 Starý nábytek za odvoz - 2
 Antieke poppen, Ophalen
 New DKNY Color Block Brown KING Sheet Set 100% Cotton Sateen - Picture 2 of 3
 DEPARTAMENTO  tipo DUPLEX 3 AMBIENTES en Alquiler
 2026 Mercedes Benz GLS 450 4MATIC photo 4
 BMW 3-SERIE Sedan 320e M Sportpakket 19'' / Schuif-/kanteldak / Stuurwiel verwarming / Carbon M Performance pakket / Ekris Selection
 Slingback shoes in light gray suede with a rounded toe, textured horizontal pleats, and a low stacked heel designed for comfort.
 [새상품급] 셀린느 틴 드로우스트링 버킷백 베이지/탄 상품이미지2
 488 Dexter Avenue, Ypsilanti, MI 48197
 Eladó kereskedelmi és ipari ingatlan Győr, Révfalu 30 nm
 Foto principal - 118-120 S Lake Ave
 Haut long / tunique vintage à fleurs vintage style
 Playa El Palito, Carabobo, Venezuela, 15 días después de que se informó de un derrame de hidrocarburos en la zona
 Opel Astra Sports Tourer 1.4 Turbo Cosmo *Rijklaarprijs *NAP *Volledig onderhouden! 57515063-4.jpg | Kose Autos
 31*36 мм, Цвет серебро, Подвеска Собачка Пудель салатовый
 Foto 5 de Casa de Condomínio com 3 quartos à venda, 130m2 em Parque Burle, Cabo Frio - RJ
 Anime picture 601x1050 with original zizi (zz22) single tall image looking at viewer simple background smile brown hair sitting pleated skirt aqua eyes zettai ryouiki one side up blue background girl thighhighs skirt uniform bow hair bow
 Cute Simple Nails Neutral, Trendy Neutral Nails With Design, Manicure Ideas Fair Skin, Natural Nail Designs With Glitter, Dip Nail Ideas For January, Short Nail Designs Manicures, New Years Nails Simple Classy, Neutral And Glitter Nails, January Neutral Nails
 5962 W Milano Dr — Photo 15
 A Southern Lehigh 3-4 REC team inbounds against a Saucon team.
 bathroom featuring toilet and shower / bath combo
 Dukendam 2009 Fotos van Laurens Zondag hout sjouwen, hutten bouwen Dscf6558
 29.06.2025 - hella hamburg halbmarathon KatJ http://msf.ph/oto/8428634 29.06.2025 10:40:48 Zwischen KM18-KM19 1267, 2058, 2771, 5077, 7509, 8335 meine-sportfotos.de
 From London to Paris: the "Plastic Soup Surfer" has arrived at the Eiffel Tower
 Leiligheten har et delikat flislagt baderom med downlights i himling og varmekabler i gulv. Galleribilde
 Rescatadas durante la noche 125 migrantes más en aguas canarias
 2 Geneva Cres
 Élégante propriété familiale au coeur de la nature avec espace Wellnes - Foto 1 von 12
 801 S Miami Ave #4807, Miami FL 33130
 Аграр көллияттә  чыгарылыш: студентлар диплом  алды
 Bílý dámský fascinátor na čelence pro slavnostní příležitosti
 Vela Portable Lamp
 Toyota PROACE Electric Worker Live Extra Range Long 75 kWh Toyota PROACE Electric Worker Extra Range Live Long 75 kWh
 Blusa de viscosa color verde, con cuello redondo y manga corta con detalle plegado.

++++++++++++++++++++

PROBLEM TO SOLVE - In this exercise, repeat the entries above verbatim.

SOLUTION FOR THIS PROBLEM -
 Starý nábytek za odvoz - 2
 Antieke poppen, Ophalen
 New DKNY Color Block Brown KING Sheet Set 100% Cotton Sateen - Picture 2 of 3
 DEPARTAMENTO  tipo DUPLEX 3 AMBIENTES en Alquiler
 2026 Mercedes Benz GLS 450 4MATIC photo 4
 BMW 3-SERIE Sedan 320e M Sportpakket 19'' / Schuif-/kanteldak / Stuurwiel verwarming / Carbon M Performance pakket / Ekris Selection
 Slingback shoes in light gray suede with a rounded toe, textured horizontal pleats, and a low stacked heel designed for comfort.
 [새상품급] 셀린느 틴 드로우스트링 버킷백 베이지/탄 상품이미지2
 488 Dexter Avenue, Ypsilanti, MI 48197
 Eladó kereskedelmi és ipari ingatlan Győr, Révfalu 30 nm
 Foto principal - 118-120 S Lake Ave
 Haut long / tunique vintage à fleurs vintage style
 Playa El Palito, Carabobo, Venezuela, 15 días después de que se informó de un derrame de hidrocarburos en la zona
 Opel Astra Sports Tourer 1.4 Turbo Cosmo *Rijklaarprijs *NAP *Volledig onderhouden! 57515063-4.jpg | Kose Autos
 31*36 мм, Цвет серебро, Подвеска Собачка Пудель салатовый
 Foto 5 de Casa de Condomínio com 3 quartos à venda, 130m2 em Parque Burle, Cabo Frio - RJ
 Anime picture 601x1050 with original zizi (zz22) single tall image looking at viewer simple background smile brown hair sitting pleated skirt aqua eyes zettai ryouiki one side up blue background girl thighhighs skirt uniform bow hair bow
 Cute Simple Nails Neutral, Trendy Neutral Nails With Design, Manicure Ideas Fair Skin, Natural Nail Designs With Glitter, Dip Nail Ideas For January, Short Nail Designs Manicures, New Years Nails Simple Classy, Neutral And Glitter Nails, January Neutral Nails
 5962 W Milano Dr — Photo 15
 A Southern Lehigh 3-4 REC team inbounds against a Saucon team.
 bathroom featuring toilet and shower / bath combo
 Dukendam 2009 Fotos van Laurens Zondag hout sjouwen, hutten bouwen Dscf6558
 29.06.2025 - hella hamburg halbmarathon KatJ http://msf.ph/oto/8428634 29.06.2025 10:40:48 Zwischen KM18-KM19 1267, 2058, 2771, 5077, 7509, 8335 meine-sportfotos.de
 From London to Paris: the "Plastic Soup Surfer" has arrived at the Eiffel Tower
 Leiligheten har et delikat flislagt baderom med downlights i himling og varmekabler i gulv. Galleribilde
 Rescatadas durante la noche 125 migrantes más en aguas canarias
 2 Geneva Cres
 Élégante propriété familiale au coeur de la nature avec espace Wellnes - Foto 1 von 12
 801 S Miami Ave #4807, Miami FL 33130
 Аграр көллияттә  чыгарылыш: студентлар диплом  алды
 Bílý dámský fascinátor na čelence pro slavnostní příležitosti
 Vela Portable Lamp
 Toyota PROACE Electric Worker Live Extra Range Long 75 kWh Toyota PROACE Electric Worker Extra Range Live Long 75 kWh
 Blusa de viscosa color verde, con cuello redondo y manga corta con detalle plegado.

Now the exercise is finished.